Bagaimana Nasib Kota Abadi Roma setelah Kejatuhan Kekaisaran Romawi?

By Sysilia Tanhati, Jumat, 20 September 2024 | 08:00 WIB
Pernah menjadi ibu kota Kekaisaran Romawi, Roma dijuluki sebagai Kota Abadi. Bagaimana nasibnya setelah Romawi jatuh? ( Wolfgang Moroder/CC BY-SA 3.0)

Nationalgeographic.co.id—Tahun 476 M menandai salah satu momen paling penting dalam sejarah Barat. Tahun itu adalah saat Odoacer, seorang kepala suku Jermanik, menggulingkan Romulus Augustulus, Kaisar Romawi Barat terakhir.
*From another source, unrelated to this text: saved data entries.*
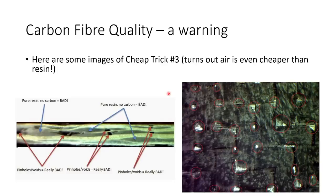Here are some images I found online of cheap trick number three. It turns out that air is even cheaper than resin, and so in cheap carbon fiber you can see that it's basically just all resin with some air pockets, with very little carbon fiber actually in the CFRP plate. You've got pinholes and voids, which are really bad, and large areas which are just pure resin. Also, if you look at the weave of the carbon fiber, you can see quite an open weave with gaps in it. This is going to be filled with resin or with air, making the carbon fiber cheaper to produce but a lot less performant.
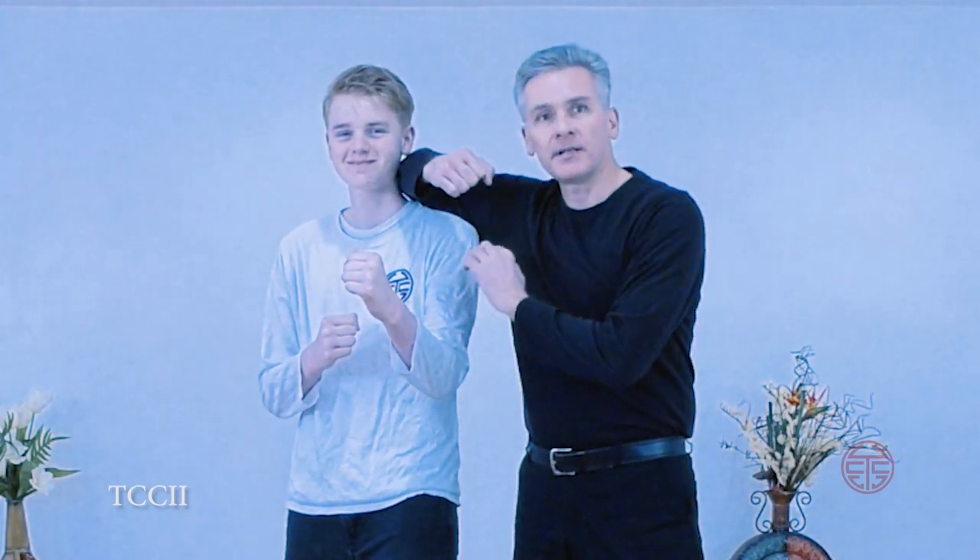Sean and Drake back again. You getting value out of the training? If so, devastate that like button, subscribe to the channel so you get all our latest videos, and ring that bell for notifications.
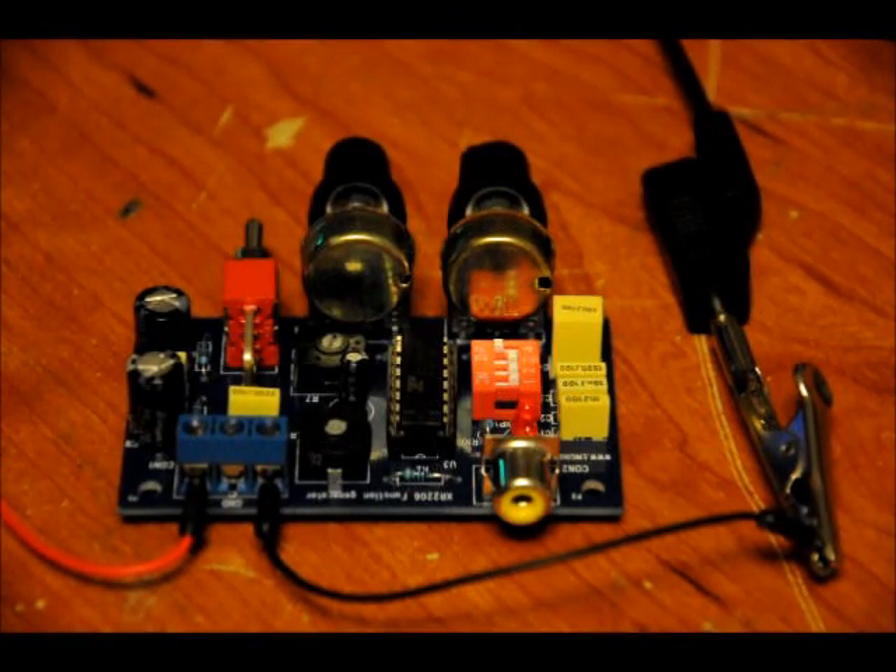Hi everybody, Patrick here from EngineeringShock.com and ElectronicLessons.com. This is a video to talk about the calibration and functional process of the XR2206 kit that we've helped to develop.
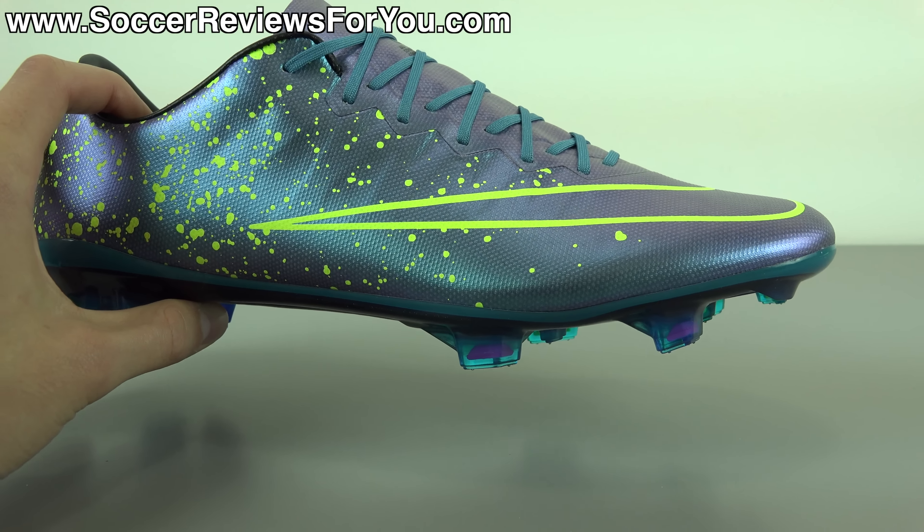Just like the rest of the Electro Flare Pack, it does have that Volt Yellow accent color in the actual Nike swoosh, which is just an outline on the lateral and medial side. And you're going to find that paint splatter also in Volt Yellow, more concentrated at the heel and then thinning out as you get towards the midfoot area, but still looking really good. The star of the show on this colorway is definitely the base color for the upper, which is listed as Squadron Blue. Depending on how the light hits it, you can see the shoe is kind of a lighter blue metallic color, but it has that color-changing effect, shifting from blue to purple depending on what angle you're looking at the shoe. And it just looks really, really good.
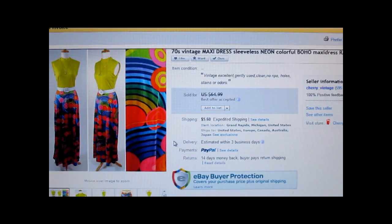This is a 1970s vintage maxi dress. What made it desirable is that it's really lightweight and semi-sheer — semi-sheer is a big trend for spring and fall 2013. I paid less than $1 for it at a church sale. I had it at $64.99 and took a best offer of $55, and the customer paid the shipping.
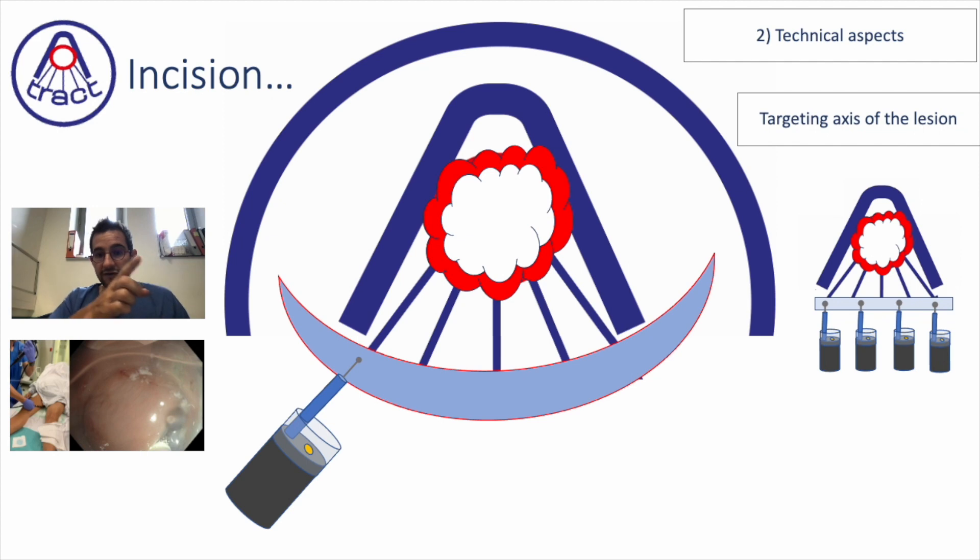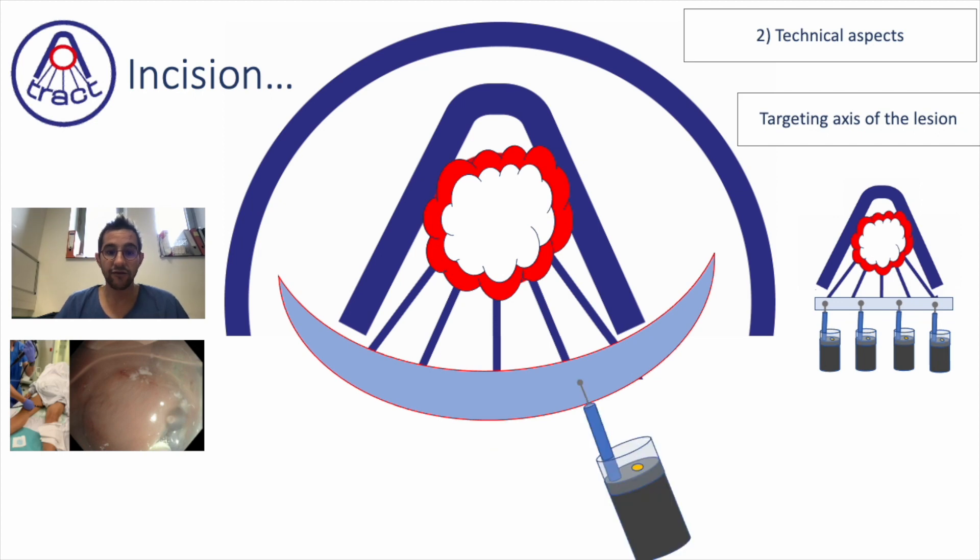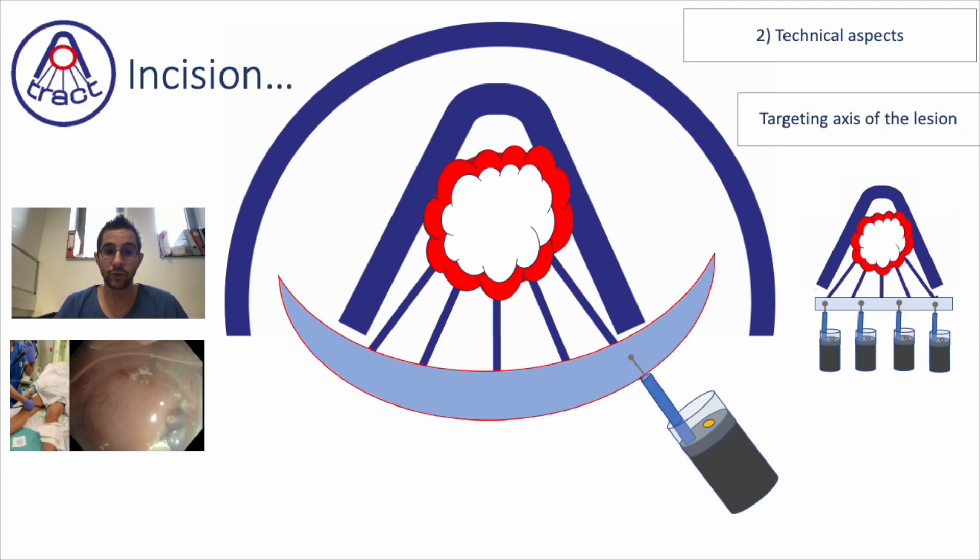The idea is to always follow the line, keeping the scope parallel to the line. If you manage to do this, you will always have an incision and a trimming which goes to the center of the lesion and which participates in the ESD of the lesion.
Peristiwa besar ini, yang sering disebut sebagai "Jatuhnya Romawi", tidak menandakan berakhirnya peradaban Romawi seperti yang diketahui dunia. Lalu, apa yang terjadi dengan Kota Abadi Roma?

Jatuhnya Romawi (Barat) adalah awal dari transformasi yang mendalam dan berkepanjangan pada Kota Abadi Roma. Pada abad-abad berikutnya, Roma mengalami perubahan politik, sosial, dan ekonomi yang signifikan. Ancaman asing baru muncul, aliansi baru terbentuk dan Roma beradaptasi dengan realitas baru tersebut.
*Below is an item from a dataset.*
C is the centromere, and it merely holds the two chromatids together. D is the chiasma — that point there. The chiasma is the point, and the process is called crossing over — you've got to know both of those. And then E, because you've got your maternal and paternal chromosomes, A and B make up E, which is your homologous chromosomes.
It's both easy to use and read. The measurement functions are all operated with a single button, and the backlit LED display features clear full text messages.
Setiap akhir adalah awal yang baru. Pada tahun 476 M, Kota Abadi memulai evolusinya dari pusat kekaisaran menjadi sesuatu yang baru tetapi sama pentingnya.

Kekaisaran Romawi runtuh, Roma pun berkembang

Ada sedikit pergolakan setelah Odoacer menyingkirkan Romulus Augustulus yang berusia 11 tahun dari takhta. Odoacer segera mengukuhkan dirinya sebagai Raja Italia pertama dan memulai era baru dalam sejarah Kota Roma.
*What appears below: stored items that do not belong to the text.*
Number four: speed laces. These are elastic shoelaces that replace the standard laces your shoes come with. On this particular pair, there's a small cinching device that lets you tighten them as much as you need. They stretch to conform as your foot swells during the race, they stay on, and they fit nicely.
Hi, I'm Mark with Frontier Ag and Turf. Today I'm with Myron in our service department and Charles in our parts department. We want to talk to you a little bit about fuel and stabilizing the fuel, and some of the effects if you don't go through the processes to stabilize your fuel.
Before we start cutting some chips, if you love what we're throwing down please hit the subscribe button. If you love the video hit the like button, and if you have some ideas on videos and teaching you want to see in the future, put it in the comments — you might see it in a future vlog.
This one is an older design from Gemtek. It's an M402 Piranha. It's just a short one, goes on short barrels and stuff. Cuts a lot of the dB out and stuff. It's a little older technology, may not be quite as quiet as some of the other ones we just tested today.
"Awalnya, Odoacer mengambil pendekatan yang agak konservatif," tulis Robbie Mitchell di laman Ancient Origins. Ia membiarkan sebagian besar kerangka administratif Romawi yang ada tetap berlaku.

Hal ini memungkinkan adanya kesinambungan dengan rezim sebelumnya. Odoacer juga mengakui legitimasi Kaisar Romawi Timur Zeno. Manuver politik strategis ini memungkinkan adanya legitimasi di mata penduduk Romawi dan Kekaisaran Timur.

Namun, Odoacer tidak berkuasa cukup lama untuk membuat perubahan besar. Pada tahun 489 M, Theodoric yang Agung, pemimpin Ostrogoth, menyerbu Italia atas perintah Kaisar Zeno. Butuh waktu 4 tahun, tetapi Theodoric akhirnya mengalahkan Odoacer pada tahun 493 M.

Pemerintahan Ostrogoth dideklarasikan di Italia dan Ravenna dijadikan ibu kota barunya. Roma mungkin telah kehilangan sebagian statusnya. Tapi masa pemerintahan Theodoric (493-526 M) merupakan masa yang relatif stabil bagi Kota Roma tersebut.

Theodoric mungkin seorang "barbar", tetapi ia menghormati lembaga dan budaya Roma. Ia menjaga Senat Romawi tetap berjalan dan menegakkan hukum Romawi.

Baca Juga: Singkap Praktik Sihir di Yunani Kuno dan Romawi, Ada Boneka 'Voodoo'

Theodoric bahkan melaksanakan beberapa proyek restorasi di kota tersebut. Ia mengizinkan orang Romawi untuk memiliki pemerintahan sendiri dalam tingkat tertentu.

Dalam memimpin, Theodoric mempekerjakan banyak orang Romawi di posisi-posisi tinggi. Hal ini mendorong kerja sama antara para penguasa Gotik dan elite Romawi kuno, sehingga mengurangi risiko pemberontakan.  

Meskipun demikian, tidak semua kehidupan di Kota Roma berjalan mulus. Hilangnya statusnya sebagai ibu kota Kekaisaran Romawi menyebabkan penurunan populasi yang parah.

Pada akhir abad ke-5 M, populasinya turun menjadi hanya 100.000 jiwa. “Ketika Kekaisaran Romawi berada di masa keemasannya, jumlah penduduk Roma mencapai 1.000.000 jiwa,” tambah Mitchell.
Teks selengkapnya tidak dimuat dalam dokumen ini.